Egyptian activist Ahmed Maher, a symbol of the popular uprising that ousted Hosni Mubarak in 2011, has been released after three years in prison for breaking a law that bans unapproved protests, his lawyer said on Thursday.
Maher, a Nobel Peace Prize nominee and a founder of the April 6 movement, broke the 2013 law that is seen by activists as unconstitutional and designed to prevent a repeat of the mass protests that have toppled two presidents in five years.
The 36-year-old civil engineer now starts three years of probation and will have to stay in a police station every night between 6 p.m. and 6 a.m., his lawyer, Mohamed Gaheen, said.
“The purpose of the probation period is to watch criminals after they finish their prison terms, but it has never been used before against political prisoners,” Gaheen told Reuters.
Since President Abdel Fattah al-Sisi seized power by toppling freely elected Mohamed Mursi, he has presided over a crackdown on his Islamist opponents that has seen hundreds killed and many thousands jailed.

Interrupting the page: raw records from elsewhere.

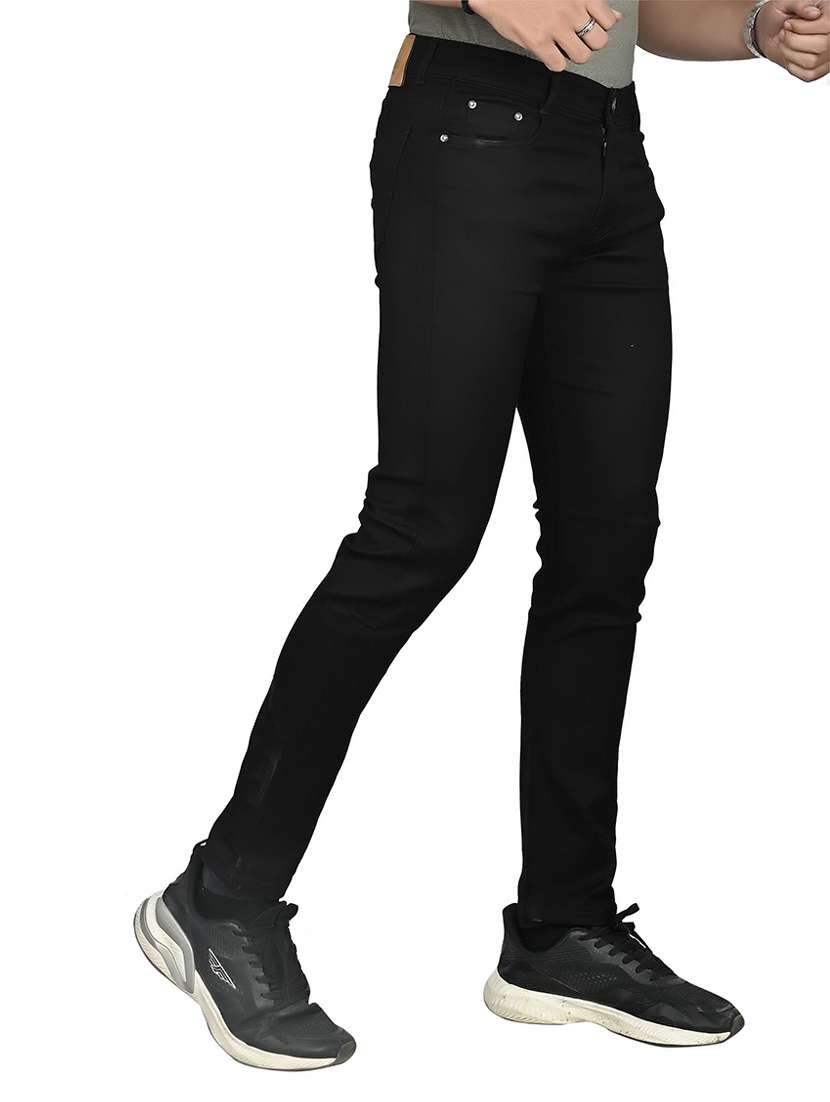 men plain mid rise full length jeans - 22343089 -  Standard Image - 2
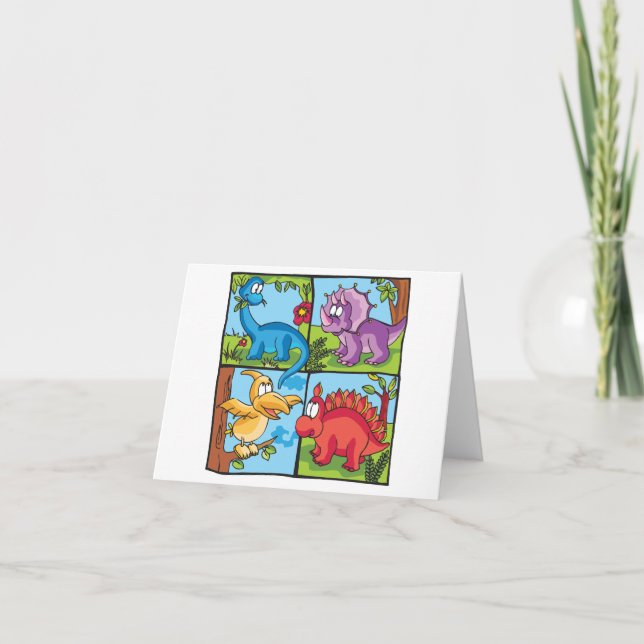 Dino Friends Blank Card (Front)
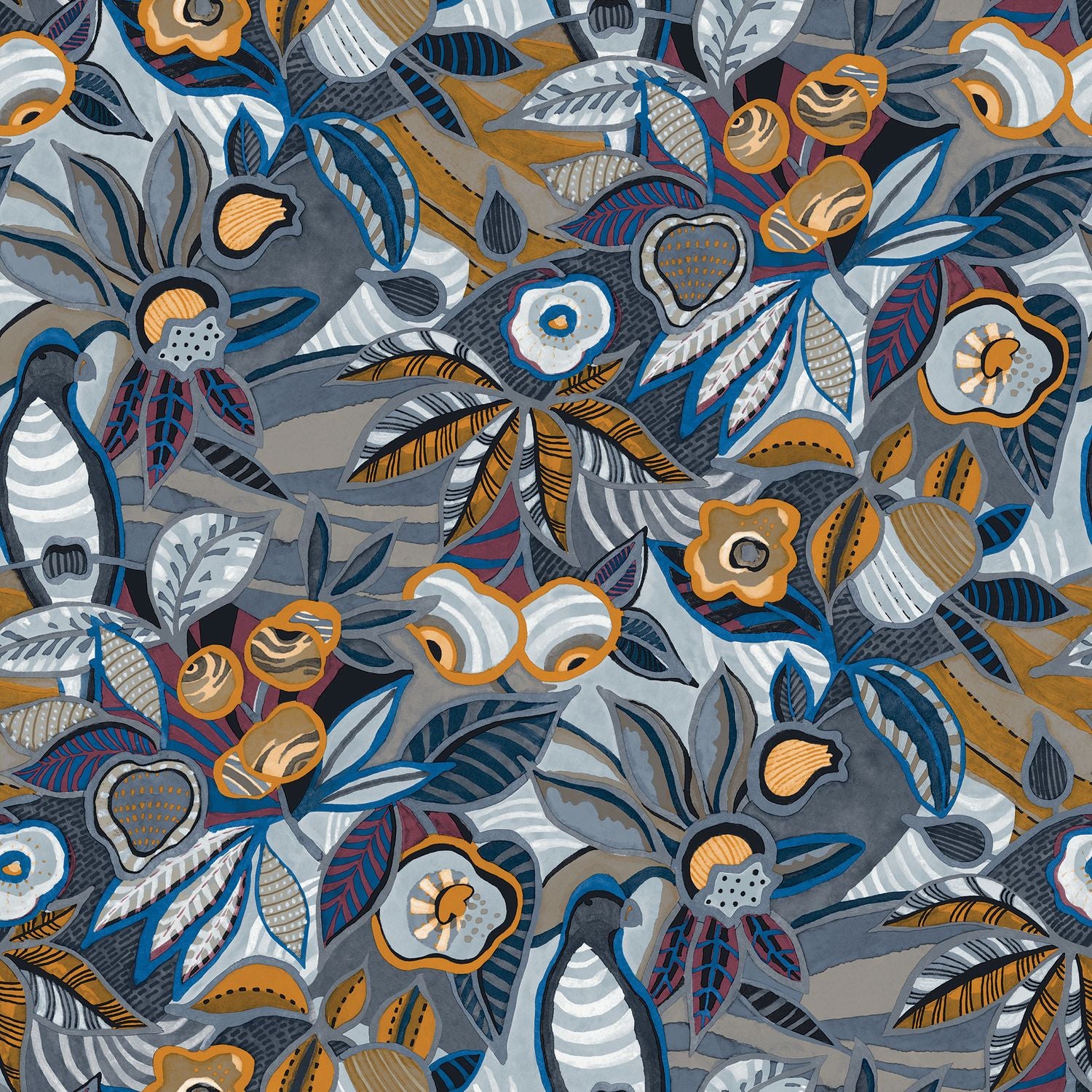 Structural wallpaper with a plant motif of leaves and flowers TEHUANA - MARINE/OCHRE blue with yellow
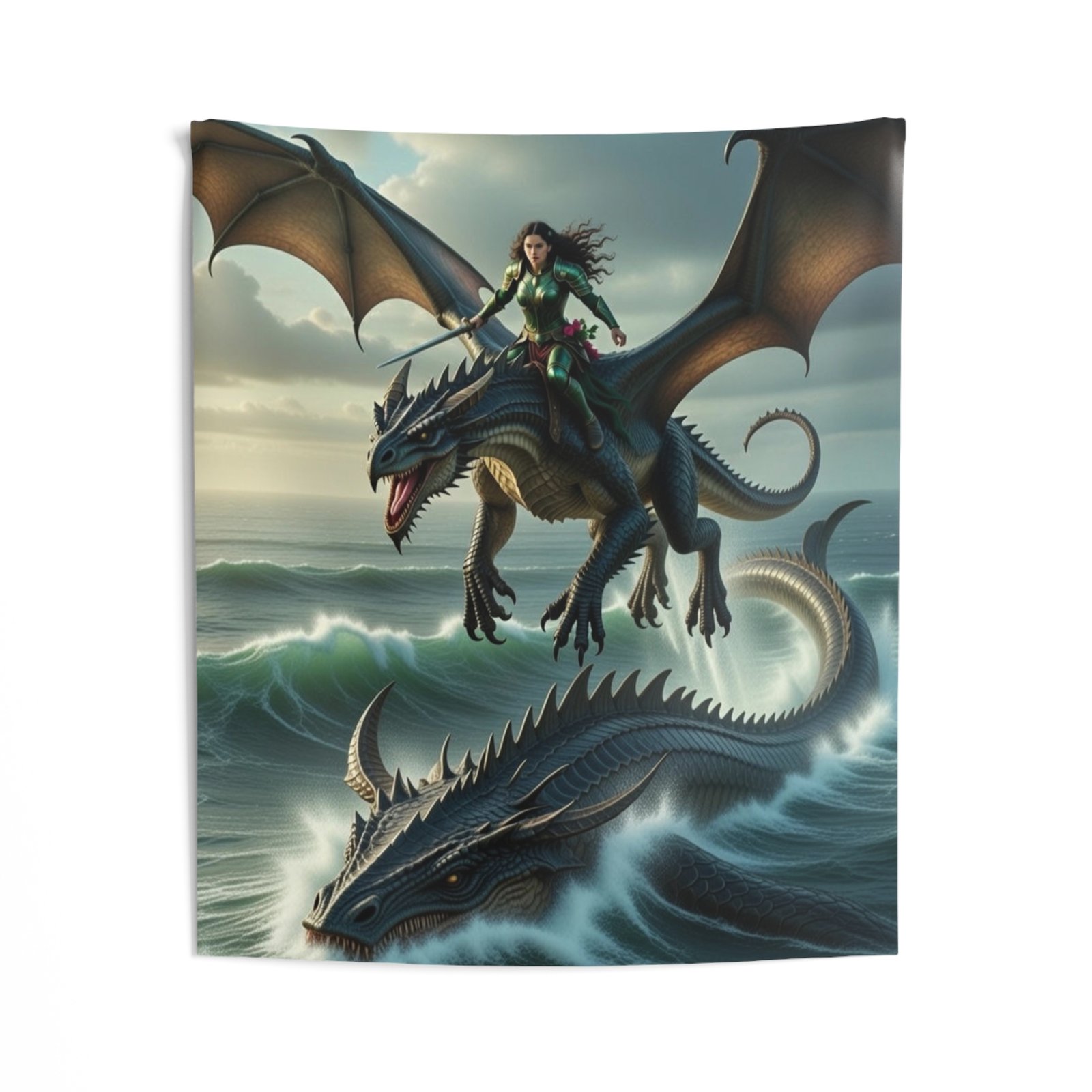 Dragon Rider Wall Tapestry — Fantasy Sea Dragon Art for Bedrooms & Gaming Rooms - Image 2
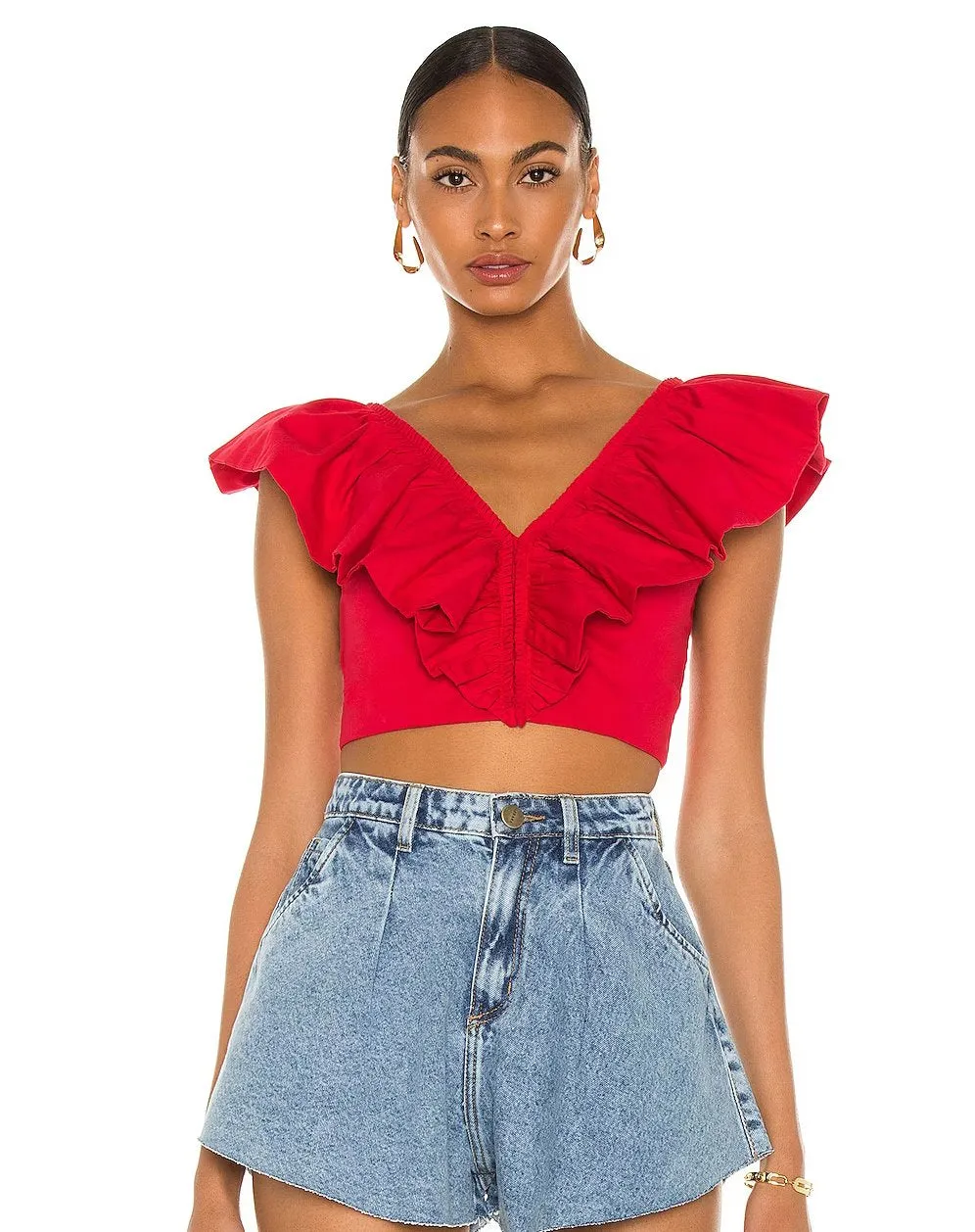 Red Ruffle Crop Top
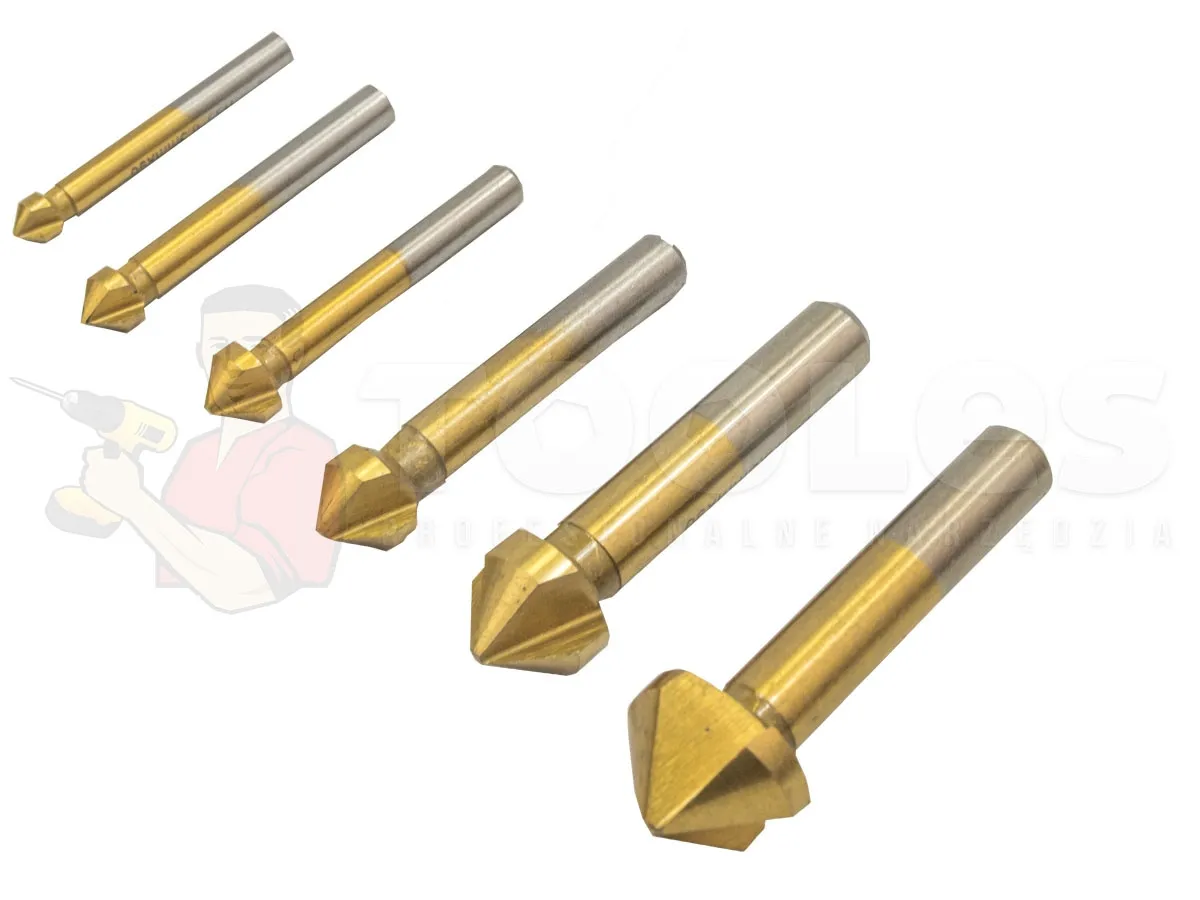 Frezy trzpieniowe HSS pogłębiacz stożkowy do metalu 6elem Złote SILVER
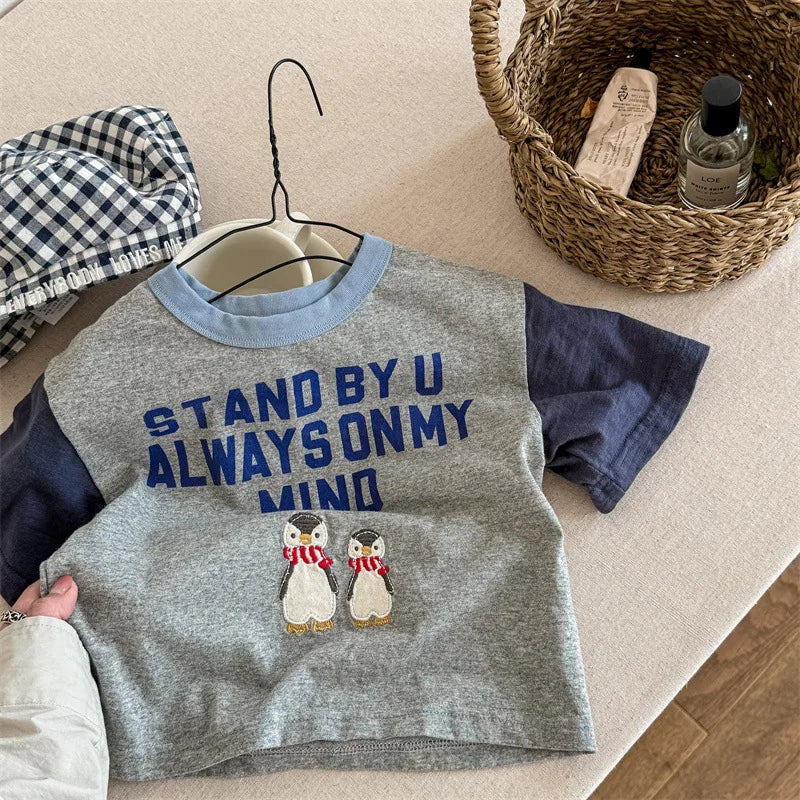 -キッズトップス 半袖Tシャツ ペンギン レターロゴプリント 3カラー - mamahalo shop - 半袖Tシャツ -  べビー服 - 子供服 - 男の子 - 女の子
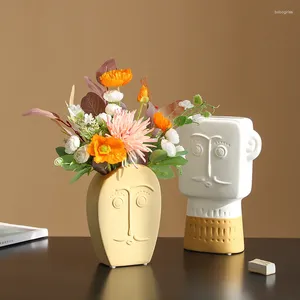Vases nordiques rustiques, décoration de maison moderne minimaliste en forme de visage en porcelaine, décoration de salle, artisanat en céramique, ornements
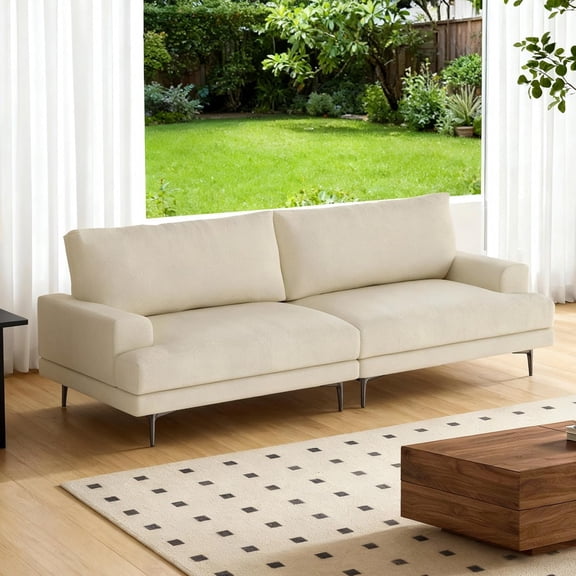 gaoyangjiaju 78" Down-Filled Cloud Sofa Couch, Modern Fabric 3-Seater with Plush Cushions and Metal Legs, White Beige, Perfect for Apartments, Small Living Rooms & Cozy Spaces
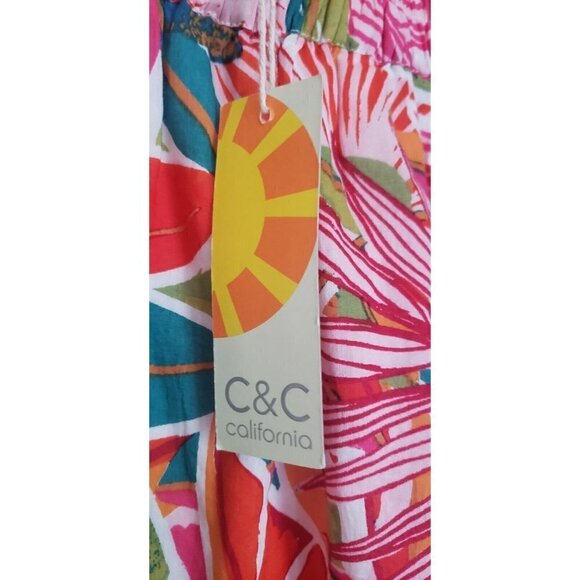 NWT C&C CALIFORNIA $60 FLORAL EMBROIDERED FAUX WRAP RUFFLE MIDI SKIRT SZ XL - Picture 8 of 8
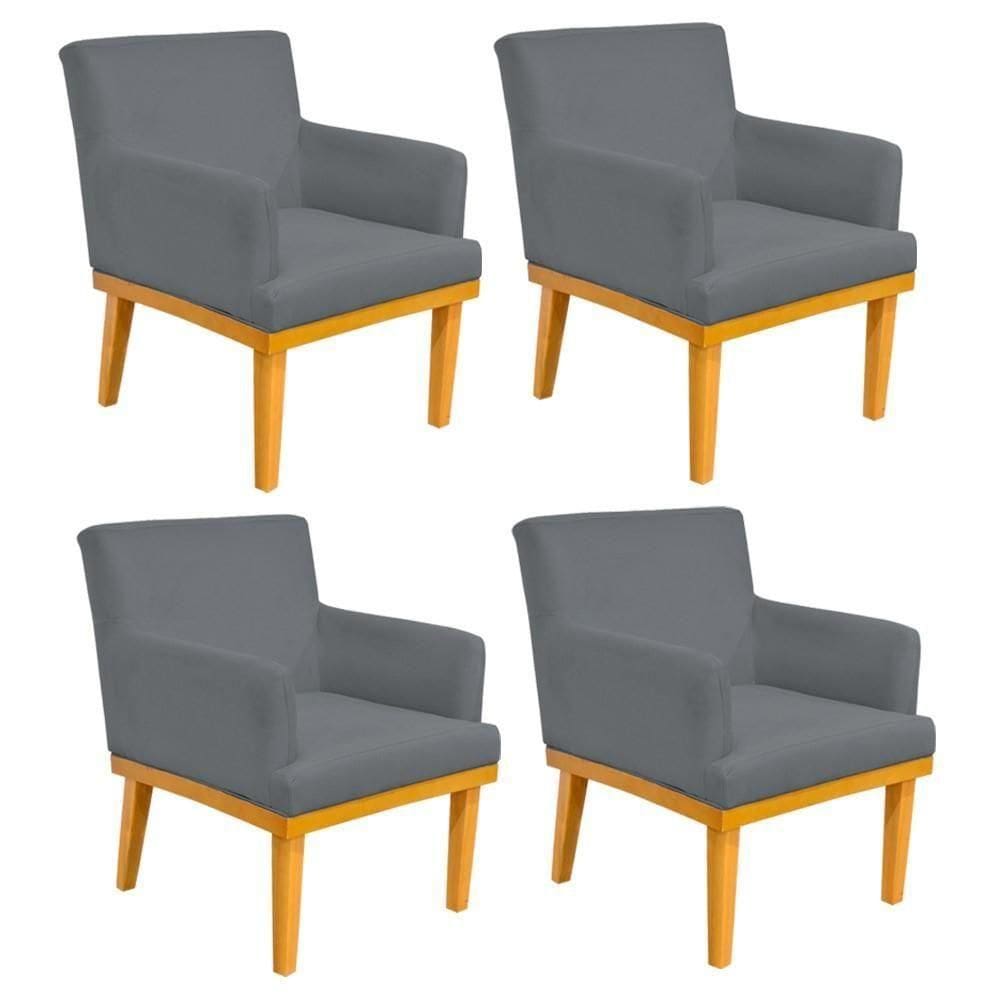 Kit 04 Poltronas Beatriz W01 Suede Cinza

But the dragnet has since widened to include secular and liberal activists at the forefront of the uprising that ended Mubarak's 30 years in power.
The law on protests says the Interior Ministry must be notified of any public gathering of more than 10 people at least three days in advance.
It also imposes jail sentences of up to five years for those who violate a broad list of restrictions and allows security forces to disperse illegal demonstrations with water cannon, tear gas and birdshot.